For many years, our industry has successfully provided pharmaceuticals and biopharmaceuticals to the public using batch processing with laboratory testing conducted on collected samples to ensure product quality. However, our current practices are not sustainable, and we must better understand our processes and the impact our processes have on our products and patients, reduce variability, waste and wasteful activities, and increase our manufacturing capacity and capabilities. Therefore, significant opportunities currently exist for improving the efficiency of manufacturing and quality assurance through the application of modern process analytical tools.
Quality by Design (QbD) encompasses a systematic approach to developing pharmaceutical dosage forms and their associated manufacturing processes to ensure a predefined expectation of product quality. Furthermore, QbD emphasizes product and process understanding and process control, sound science, quality risk management, and a continuous improvement model. Because one of the basic fundamentals of the GMPs is that quality should be built-in or should be by design, release testing should seldom result in an out of specification result. Additionally, if we properly design and validate our processes and include analytical testing points throughout manufacturing, release testing can be reduced or eliminated. This is the basis for Process Analytical Technology (PAT).
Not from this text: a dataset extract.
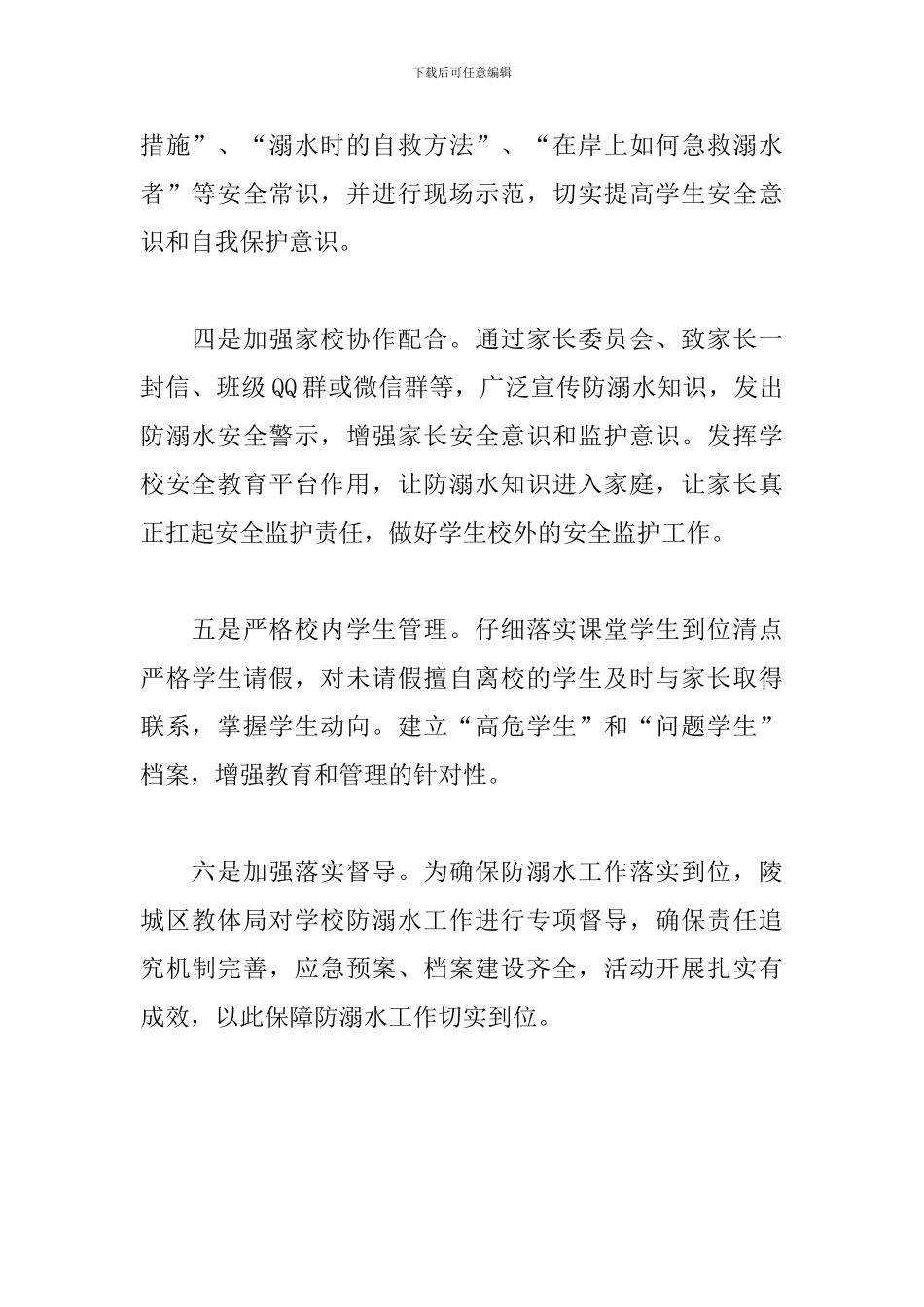 教体局夏季防溺水安全工作总结_第2页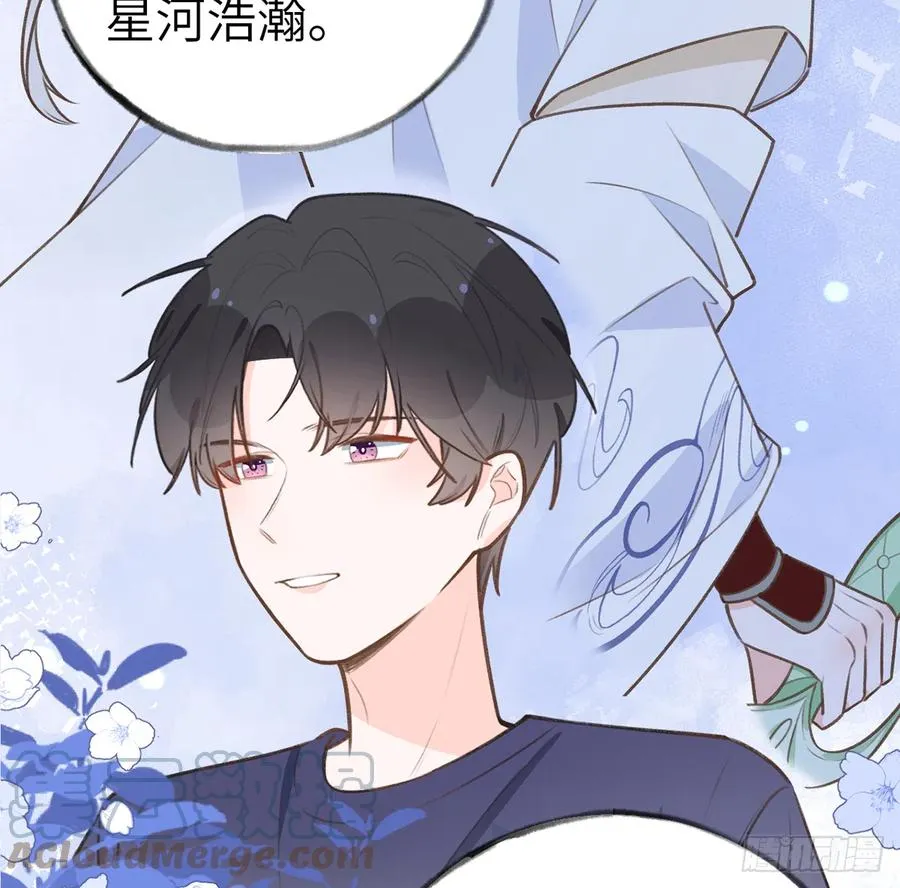 第83话 公开表白 第70页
PAT is a system for designing, analyzing, and controlling manufacturing through timely measurements (i.e., during processing) of critical quality and performance attributes of raw and in-process materials and processes, with the goal of ensuring predefined product quality at the end of the manufacturing process. It should also be noted that the term “analytical” is viewed broadly to include chemical, physical, mathematical, risk analysis, and microbiological.
Therefore, from a microbiological control perspective, our industry can benefit from utilizing QbD and PAT principles to:
-design robust processes that prevent contamination,
-ensure that a state of microbial control is maintained,
-develop more effective strategies to correct a contamination problem,
-continually improve our processes and products, and
-assess the potential impact of failing results on the patient.
This is where rapid microbiological methods, or RMMs, come into play. RMMs are novel technologies that provide microbial detection, quantification and identification results much faster than conventional or pharmacopoeial methods. They offer increased accuracy, reproducibility and sensitivity, and for some rapid method technologies, results in real time. Additionally, a number of systems are now fully automated, miniaturized and provide high-throughput processing. For the first time, we have an opportunity to move microbiology testing out of the laboratory and onto the production floor, with the goal of demonstrating and understanding how well we are in control while actively manufacturing product. Simply put, the future of microbiology testing will include realtime in-process bioburden analyses, sterility verification at the point of filling, and real-time environmental monitoring. From a product quality standpoint, this represents a model of continuous improvement and realtime quality assurance and quality control, which is at the heart of FDA’s cGMPs for the 21st Century: A Risk-Based Approach, and ICH Q8 and Q9.
One RMM that is currently available already meets the goals I have outlined above, and provides a real-time and continuous assessment of our manufacturing environments while production is occurring. The core scientific principle behind the technology is optical spectroscopy, and because there is no need to wait for microbial growth in order to detect the presence of airborne microorganisms, the results are obtained almost instantaneously. BioVigilant Systems, Inc., developed the technology, and the instrument is called the IMD-A. This novel method represents the next generation in environmental monitoring and is directly aligned with the goals of a PAT-based microbiological control strategy. But is there really a need to move from conventional environmental monitoring to a real-time capability such as the IMD-A? This author believes so, and there are compelling reasons for moving in this direction.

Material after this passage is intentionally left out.